PROBLEM DETAILS: Quote every line of the data below as it stands, omitting pictures.

****************

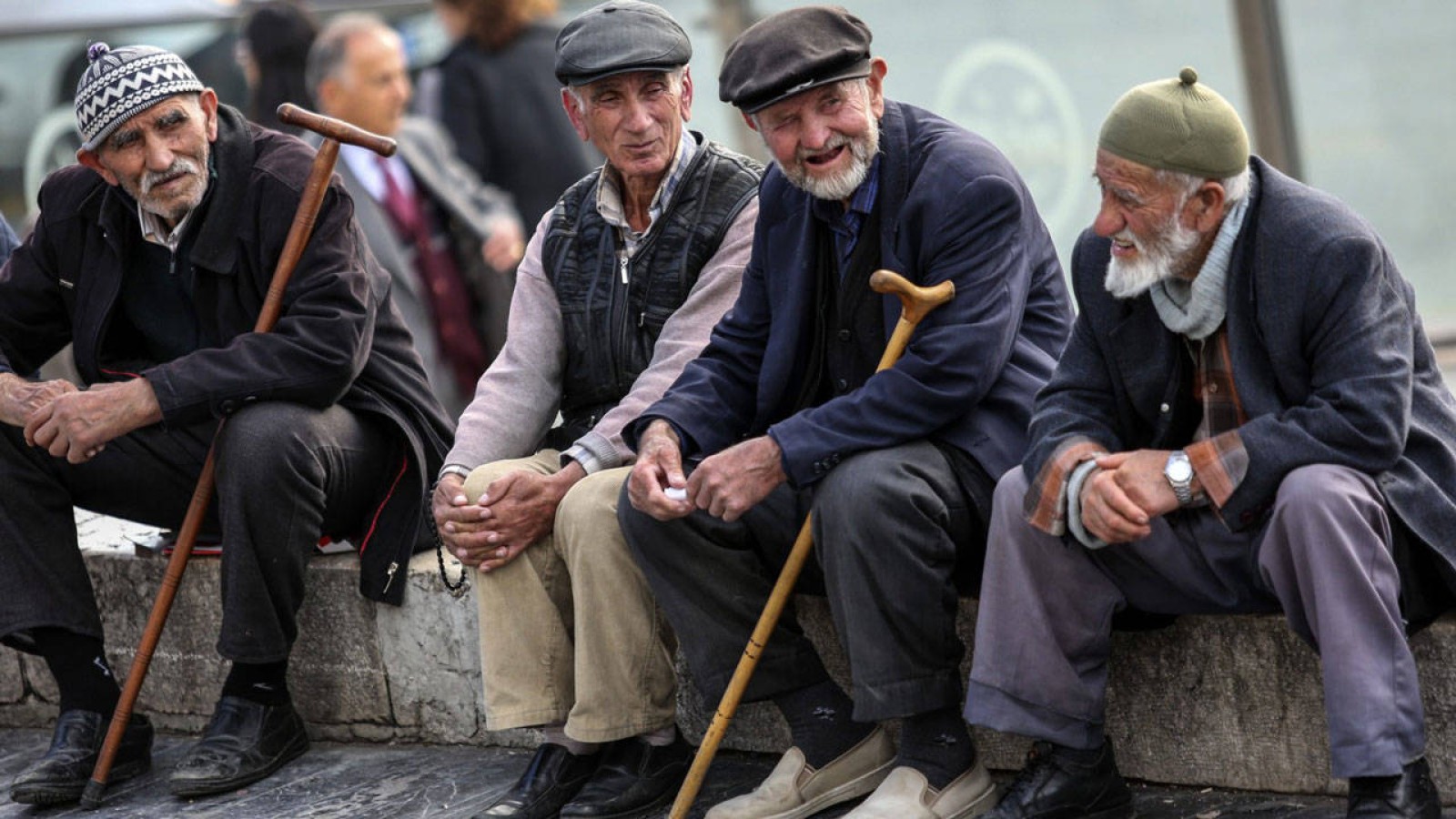 Bakan açıkladı: Emekliye yüzde 10 indirim!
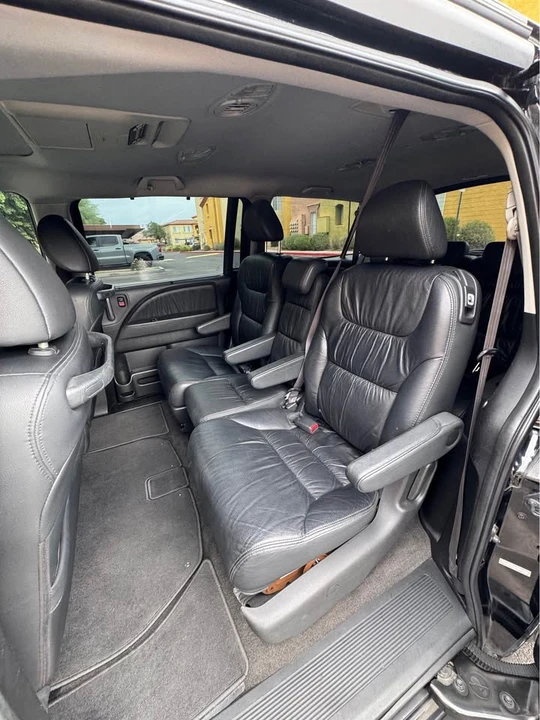 2009 Honda Odyssey - Image 15 of 16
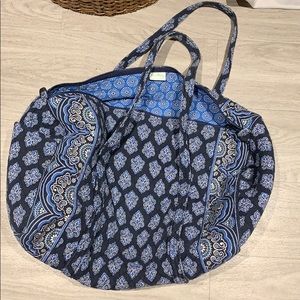 Vera Bradley overnight duffel in blue paisley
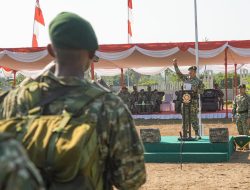 Pangkostrad Resmi Tutup Latihan Standardisasi Prajurit Kostrad Cakra XIV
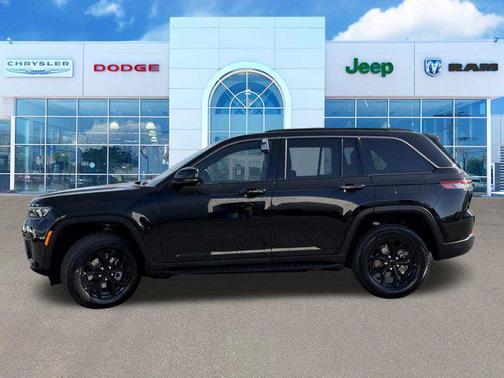 Diamond Black Crystal Pearlcoat 2026 Jeep Grand Cherokee Altitude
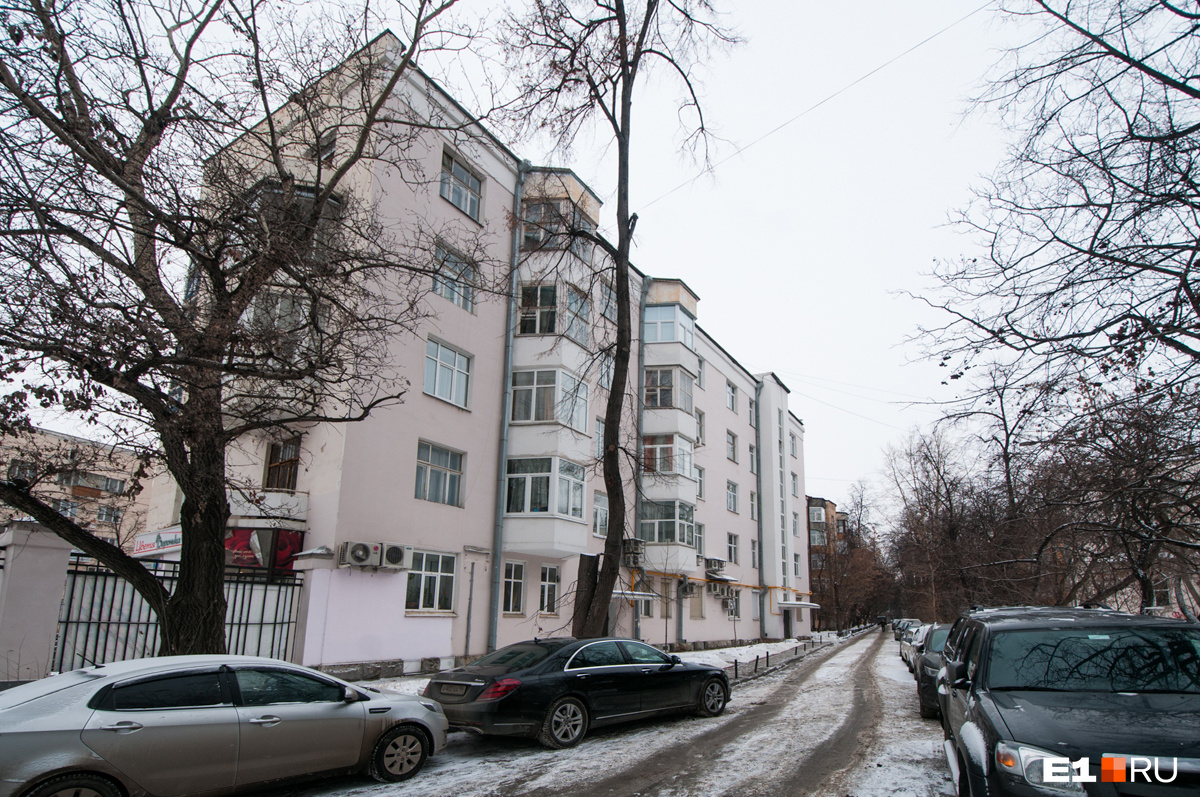 Это корпус, где жили начальники. За домом хорошо следит УК, и он выглядит ухоженным Это корпус, где жили начальники. За домом хорошо следит УК, и он выглядит ухоженным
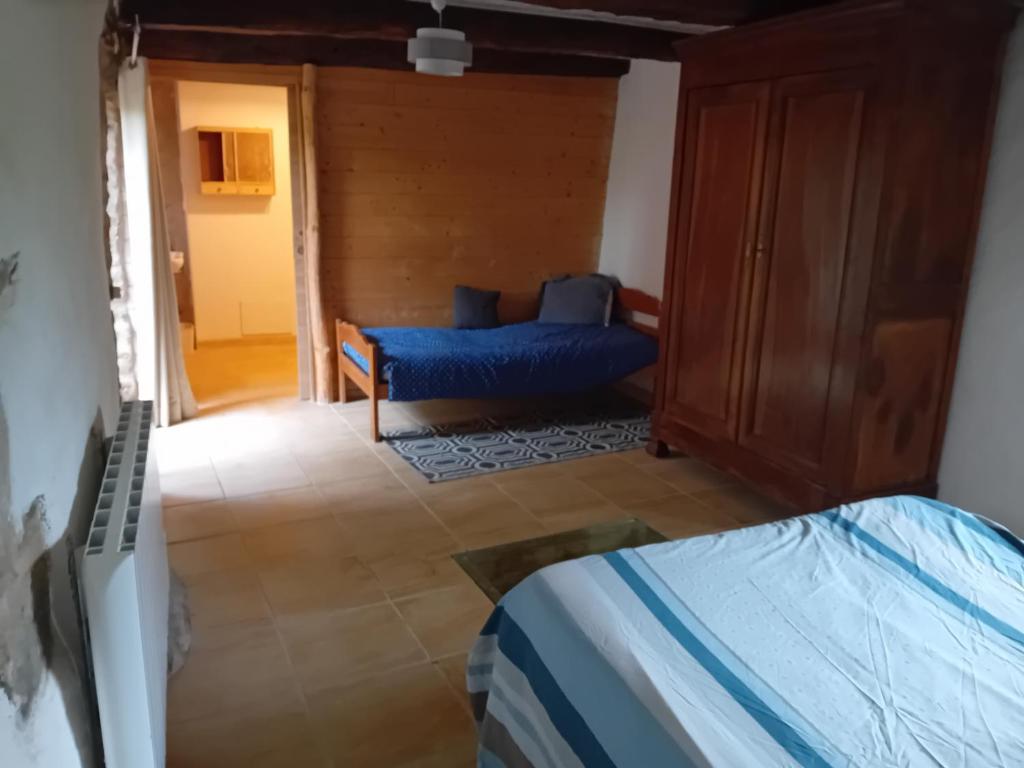 Cette chambre comprend un lit et un canapé. dans l'établissement Le Gaffatou, à Montirat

****************

WORKED SOLUTION:
 Bakan açıkladı: Emekliye yüzde 10 indirim!
 2009 Honda Odyssey - Image 15 of 16
 Vera Bradley overnight duffel in blue paisley
 Pangkostrad Resmi Tutup Latihan Standardisasi Prajurit Kostrad Cakra XIV
 Diamond Black Crystal Pearlcoat 2026 Jeep Grand Cherokee Altitude
 Это корпус, где жили начальники. За домом хорошо следит УК, и он выглядит ухоженным Это корпус, где жили начальники. За домом хорошо следит УК, и он выглядит ухоженным
 Cette chambre comprend un lit et un canapé. dans l'établissement Le Gaffatou, à Montirat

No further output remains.